== DATASET EXCERPTS ==
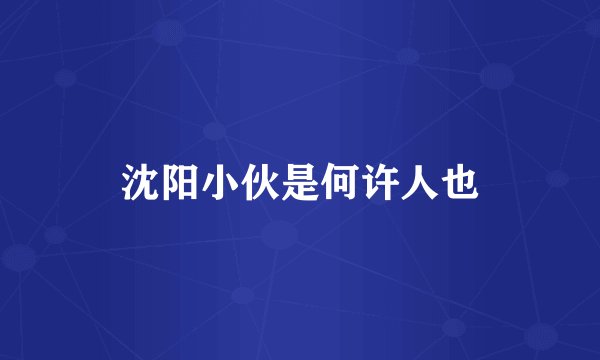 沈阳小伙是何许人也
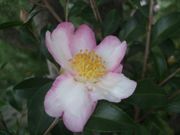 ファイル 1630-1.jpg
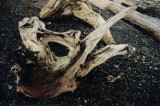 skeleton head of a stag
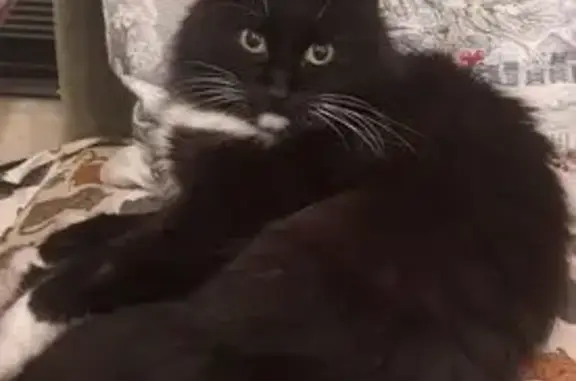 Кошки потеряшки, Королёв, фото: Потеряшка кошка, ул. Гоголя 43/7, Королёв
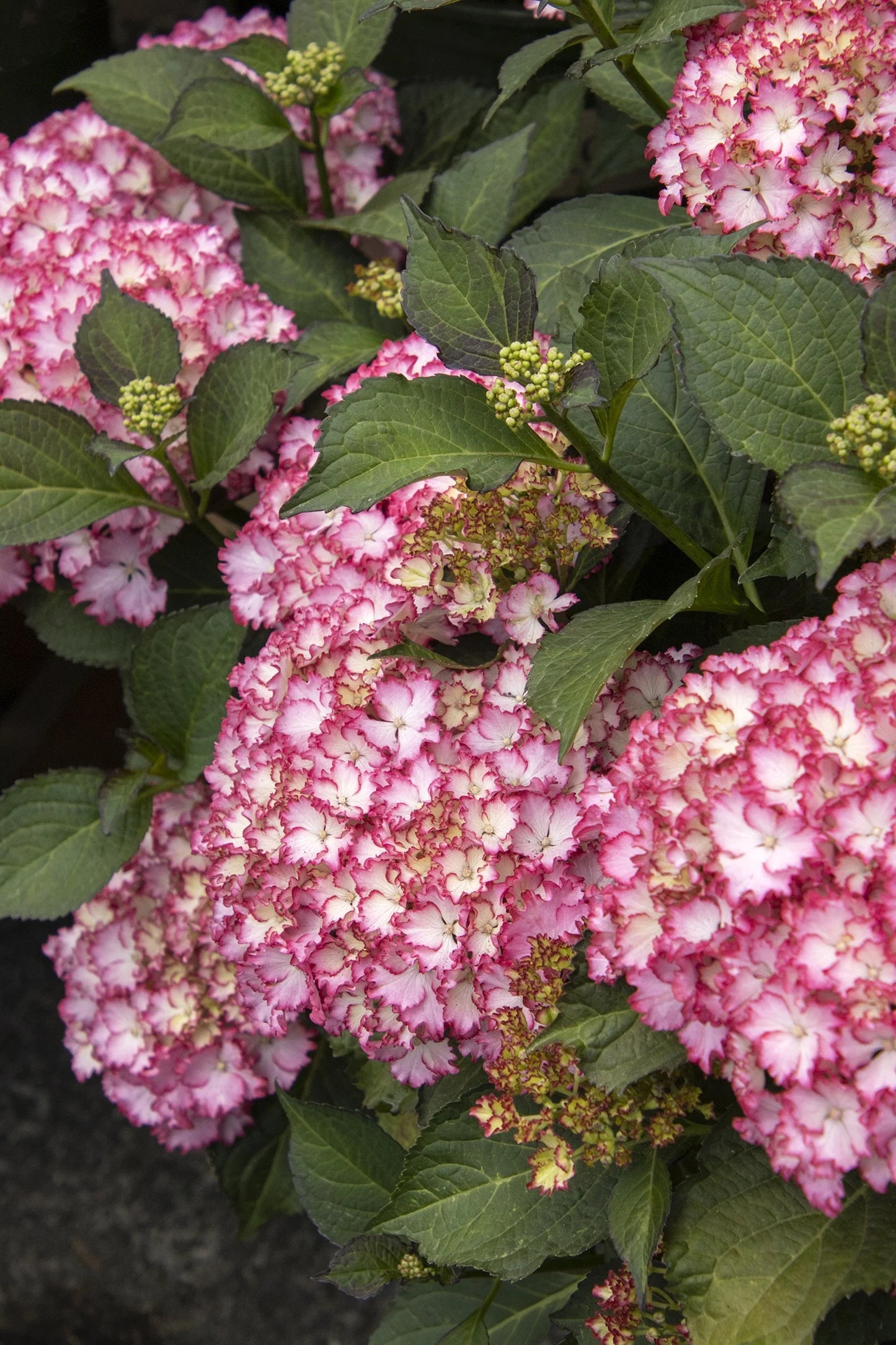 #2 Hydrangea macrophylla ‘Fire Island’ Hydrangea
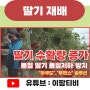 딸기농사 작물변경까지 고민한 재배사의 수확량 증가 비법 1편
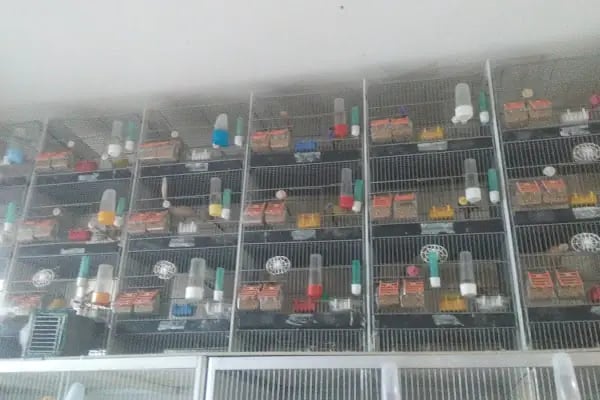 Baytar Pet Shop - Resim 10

== EXERCISE GOAL ==
Leave the pictures out and set down the rest of the listing above exactly.

== EXERCISE RESPONSE ==
 沈阳小伙是何许人也
 ファイル 1630-1.jpg
 skeleton head of a stag
 Кошки потеряшки, Королёв, фото: Потеряшка кошка, ул. Гоголя 43/7, Королёв
 #2 Hydrangea macrophylla ‘Fire Island’ Hydrangea
 딸기농사 작물변경까지 고민한 재배사의 수확량 증가 비법 1편
 Baytar Pet Shop - Resim 10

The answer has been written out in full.